“Chase Stadium?” Ian said.
“Yep, and how do the streets look there?” Kinsey prompted.
“Empty.” Ian was starting to tire from the game, but Kinsey was seeing something he didn’t, so he played along.
“Correct, and how can you see that?”
“Because of the street lights… because of the street lights.” The realization struck Ian dumb.
“I did some research after you guys crashed last night. I was too pumped to sleep. When I saw power in certain sections of town, I found out that all the community areas like stadiums and convention centers have power because they have a direct link to the nuclear power plant. Don’t ask me why, I don’t know why, I just know that they do.”
“That’s pretty cool, Kins, but how is that going to help us?”
“Well, we aren’t going to be able to help those people no matter how much we want to. Maybe we can create enough of a situation to enable them to help themselves if we think big enough.”
“But what if they don’t see it in time to take advantage?” Jose asked.
“Well, I feel that there has to be some sort of personal responsibility here. All we can possibly do is create an opening for them. That in itself will be huge, and here is how I think we should do it…”
They spent a couple hours going over what she had in mind, and soon all agreed that it was the best plan with the least amount of danger. Also, it would get them on the road much sooner.
They were to go to three major facilities and use their sound systems to draw the infected to a vacant area of the city, thus allowing the trapped persons to escape if they were sharp enough. They couldn’t fix stupid, and someone who wasn’t practicing situational awareness right now was an idiot and a liability to other survivors.
Ian became introspective as they prepared themselves for the endeavor. He knew they couldn’t pull this off without having something go wrong; it just wasn’t possible, so he said a silent prayer for protection over his team, which he silently repeated over and over as he loaded his gear. Be smart—maintain oxygen, focus, and response, but most important… silence, breathe.
Everybody slept, ate, and bathed throughout the daylight hours until the sun began to wane. They developed three teams, one for each building they were going to hit, the smallest team being Rex and Thor led by Jose. Toby and Kinsey’s team consisted of Julia and Chianti, who arranged with Beverly to watch their kids. They also took a trained mine sniffer dog named Shrapnel.
Ian took Armand, Dark-haired Tom, and Jasper with him. Tom was young, but they needed eyes, and he would provide that. Tom had done some shooting down in the range with Jose, and he was pretty good for a beginner. Jasper was also young, but he had almost completed his training, and he seemed to be responding well, so Ian thought they could give him a try. Armand claimed to be a crack shot, however none of them except Ian’s team had ever shot one of the tactical rifles they would be using.
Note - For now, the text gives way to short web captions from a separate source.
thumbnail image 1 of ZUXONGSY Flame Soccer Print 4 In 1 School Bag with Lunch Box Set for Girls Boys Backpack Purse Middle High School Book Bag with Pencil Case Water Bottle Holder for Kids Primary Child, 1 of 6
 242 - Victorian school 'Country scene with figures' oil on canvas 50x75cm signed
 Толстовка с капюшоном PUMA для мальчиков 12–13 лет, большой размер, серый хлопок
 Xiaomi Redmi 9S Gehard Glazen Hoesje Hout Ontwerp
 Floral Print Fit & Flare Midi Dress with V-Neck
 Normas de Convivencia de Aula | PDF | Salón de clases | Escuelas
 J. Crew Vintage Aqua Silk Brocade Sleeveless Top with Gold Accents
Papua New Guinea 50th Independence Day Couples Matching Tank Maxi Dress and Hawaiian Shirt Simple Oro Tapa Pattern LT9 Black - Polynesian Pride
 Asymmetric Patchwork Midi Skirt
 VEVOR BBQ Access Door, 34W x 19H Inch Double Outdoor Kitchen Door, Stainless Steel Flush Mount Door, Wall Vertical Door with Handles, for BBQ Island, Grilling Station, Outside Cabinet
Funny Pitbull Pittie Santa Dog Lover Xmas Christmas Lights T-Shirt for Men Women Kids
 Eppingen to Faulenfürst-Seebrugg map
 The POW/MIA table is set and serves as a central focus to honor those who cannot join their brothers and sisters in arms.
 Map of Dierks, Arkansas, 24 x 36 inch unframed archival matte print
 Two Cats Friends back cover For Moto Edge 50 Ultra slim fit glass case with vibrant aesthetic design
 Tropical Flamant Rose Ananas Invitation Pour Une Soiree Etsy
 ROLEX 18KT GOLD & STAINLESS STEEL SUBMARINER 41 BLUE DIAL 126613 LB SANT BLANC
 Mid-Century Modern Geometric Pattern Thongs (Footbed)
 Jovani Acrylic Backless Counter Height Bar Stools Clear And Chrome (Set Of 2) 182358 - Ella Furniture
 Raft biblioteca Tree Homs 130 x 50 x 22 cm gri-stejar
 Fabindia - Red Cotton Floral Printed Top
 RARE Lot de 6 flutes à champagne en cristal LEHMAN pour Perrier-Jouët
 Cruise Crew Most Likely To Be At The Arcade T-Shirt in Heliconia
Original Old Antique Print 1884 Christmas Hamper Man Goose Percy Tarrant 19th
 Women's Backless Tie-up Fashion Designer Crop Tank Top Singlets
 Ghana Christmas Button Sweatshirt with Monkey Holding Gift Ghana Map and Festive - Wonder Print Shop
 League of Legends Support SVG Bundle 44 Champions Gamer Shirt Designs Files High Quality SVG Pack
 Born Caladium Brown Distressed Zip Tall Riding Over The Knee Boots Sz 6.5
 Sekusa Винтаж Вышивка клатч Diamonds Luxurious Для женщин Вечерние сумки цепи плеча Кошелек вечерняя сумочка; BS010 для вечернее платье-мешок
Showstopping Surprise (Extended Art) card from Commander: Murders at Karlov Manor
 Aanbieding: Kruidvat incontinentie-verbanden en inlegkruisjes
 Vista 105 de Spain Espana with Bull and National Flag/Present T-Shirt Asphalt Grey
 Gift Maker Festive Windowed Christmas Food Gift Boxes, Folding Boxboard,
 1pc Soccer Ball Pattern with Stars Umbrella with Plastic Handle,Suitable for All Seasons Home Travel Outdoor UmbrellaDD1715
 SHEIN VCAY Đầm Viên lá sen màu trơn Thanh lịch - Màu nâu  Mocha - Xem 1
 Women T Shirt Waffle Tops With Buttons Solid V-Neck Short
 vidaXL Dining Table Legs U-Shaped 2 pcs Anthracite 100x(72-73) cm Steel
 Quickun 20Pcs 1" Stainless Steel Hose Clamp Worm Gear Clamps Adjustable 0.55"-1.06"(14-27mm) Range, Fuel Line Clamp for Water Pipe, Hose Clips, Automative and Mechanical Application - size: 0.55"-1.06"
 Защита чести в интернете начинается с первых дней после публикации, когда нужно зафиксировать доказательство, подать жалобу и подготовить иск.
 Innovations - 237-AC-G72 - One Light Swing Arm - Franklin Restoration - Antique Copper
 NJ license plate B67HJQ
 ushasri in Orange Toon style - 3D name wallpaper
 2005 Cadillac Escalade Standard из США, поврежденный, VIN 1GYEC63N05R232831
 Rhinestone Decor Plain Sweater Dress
They scoped out a spot a few blocks away that looked empty and would disguise the sound of the van that they were going to take down there. The last thing needed was the sound of a big diesel engine rumbling down amongst those buildings while they were there.
Toby and Kinsey’s group headed off toward Chase Field. Rex, Thor, and Jose headed for the Talking Sticks Resort Arena, leaving the convention center to Ian’s group.
The doors on the convention center were locked tight with chains looped through the handles on the inside, and Ian wondered how many of these buildings were left virtually untouched. He also began to wonder what they could do when they got in there. The building was huge, but would it do what they needed it to do? First, they had to get inside before they could have a clue about that.
“Ian, it looks like there is a service door propped open around back here,” Armand said, though his voice held no excitement.
“Yeah, what’s wrong?”
“I don’t know, it’s… dark in there. It kind of smells a bit off too,” Armand said.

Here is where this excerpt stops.